Review: The Year of Miracles: Recipes About Love + Grief + Growing Things

After losing her beloved partner, Jim, writer and home cook Ella Risbridger (who chronicled some of their relationship in Midnight Chicken) found herself in a tailspin. Soon after she moved into a new flat with her friend Jo, the Covid-19 pandemic sent London and the world into lockdown. In her second memoir-cum-cookbook, The Year of Miracles, Risbridger recounts a year of cooking and community, and how both provided healing in a time of great internal and external strain.

In these essays and recipes, Risbridger rambles in slightly sideways and usually charming fashion. The narrative begins in winter, with a chicken carcass (being picked over at 4 a.m., naturally), then takeaway and "Leftovers Pie." As Jo and Ella settle into their new flat, Ella shares glimpses of (and sometimes recipes for) their more robust favorites, such as cardamom buns from the café she loves; eggs half a dozen ways (Turkish, Welsh, an omelet involving salt and vinegar crisps); and various soups both nourishing and comforting. Readers meet Mitski, the next-door cat who isn't theirs but comes over for scraps; various other friends in and out of London who help Jo and Ella stay sane; and Jim, often conspicuous by his absence but a presence just the same.

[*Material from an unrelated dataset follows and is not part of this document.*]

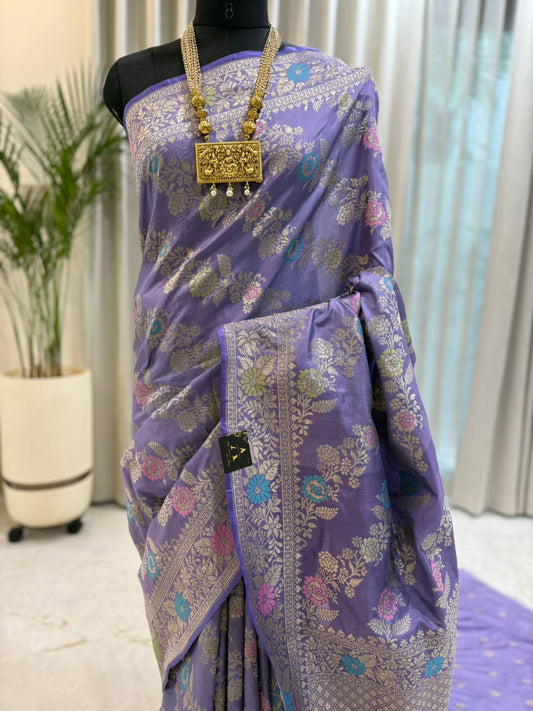 Lavender Katan Silk Banarasi Saree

Watercolor illustrations bring the recipes to life, contributing to the book's slightly dreamy feel. Risbridger's recipes, both in form and content, swing between simple and fiddly, though all are within reach of dedicated home cooks. While metric measurements may confuse American readers, Risbridger gives plenty of hints and helpful tips, making the narrative sound even more like standing in a kitchen with a chatty friend. As the days grow longer, she and Jo spend more time in their garden, and the recipes--including multiple ways to use up so much zucchini--reflect summer's bounty and fall's heartier flavors. Ella's friends contribute recipes, too, including a bean fennel bake and decadent peanut butter brownies.

Risbridger writes sensitively about grief: how it hits at odd times, like going to the new corner shop or deciding to make a favorite recipe, or, conversely, making (or ordering) food that Jim would have hated. She navigates her loss honestly, relying on community in every form: long walks, phone calls while she prepares dinner, feasts in the garden, leftovers with Jo around their table. The book is a tribute, as Risbridger says, to "cooking, and the people who love you: the two greatest and most practical miracles of all." --Katie Noah Gibson, blogger at Cakes, Tea and Dreams

Shelf Talker: Ella Risbridger chronicles a year of cooking and community amid grief and the first Covid-19 lockdown in London.